Hong Kong activist Nathan Law has staged a protest outside the Chinese Embassy in Rome, along with other activists and European parliamentarians, after the University of Hong Kong moved to remove a monument to the 1989 Tiananmen Massacre.
“It is a statement about the atrocity and the massacre that the Chinese Communist Party did to its people, its [crushing] of democratic pursuit, and the pursuits of its people to decide the future of their own country,” the self-exiled Law said through a loudspeaker outside the embassy next to a three-metre replica of the statue on Wednesday.
The protest follows recent efforts to remove the statue, known as the Pillar of Shame, from the campus and fears it will be destroyed. Law is reportedly “wanted” by the Hong Kong authorities, according to state media, though they have refused to confirm it.
A replica statue by the monument’s original creator, Danish artist Jens Galschiøt, had been driven from Denmark to Rome for the rally, according to UK rights activist Luke de Pulford.
Uyghur rights activist Rahima Mahmut, Italy’s former Minister of Foreign Affairs Giulio Terzi, and European members of parliament also attended Wednesday’s protest. Dovilė Šakalienė, a Lithuanian parliamentarian who has been sanctioned by Beijing, attempted to hand a letter into the embassy with the group’s demands.
The University of Hong Kong in early October demanded that the now-defunct group which organised yearly candlelight vigils commemorating the massacre, the Hong Kong Alliance, remove the statue within five days.

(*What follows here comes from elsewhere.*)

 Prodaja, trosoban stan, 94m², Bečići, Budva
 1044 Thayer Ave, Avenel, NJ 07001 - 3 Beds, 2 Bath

The demand caused a row which saw the university’s legal representative, Mayer Brown, withdraw from the case amid international pressure.
Galschiøt has since asserted his ownership of the monument, launching an international campaign to save the statue and relocate it abroad. The statue still stands at the university, which has vowed to deal with the matter in a “legal and reasonable” manner.
Pillar of Shame
The Pillar of Shame, an eight-metre tall statue of bodies twisting towards the sky, has stood at the university’s Pok Fu Lam campus for 24 years. Activists and students held annual ceremonies to wash the pillar to commemorate the victims of Beijing’s bloody crackdown on protesters in the summer of 1989.
Efforts to remove the statue from the campus have prompted critics to decry shrinking freedoms in Hong Kong, with one warning of a “political purge” at universities.
The Tiananmen Massacre on June 4, 1989 ended months of student-led demonstrations in China. It is estimated that hundreds, perhaps thousands, of people died when the People’s Liberation Army was deployed to crack down on protesters in Beijing.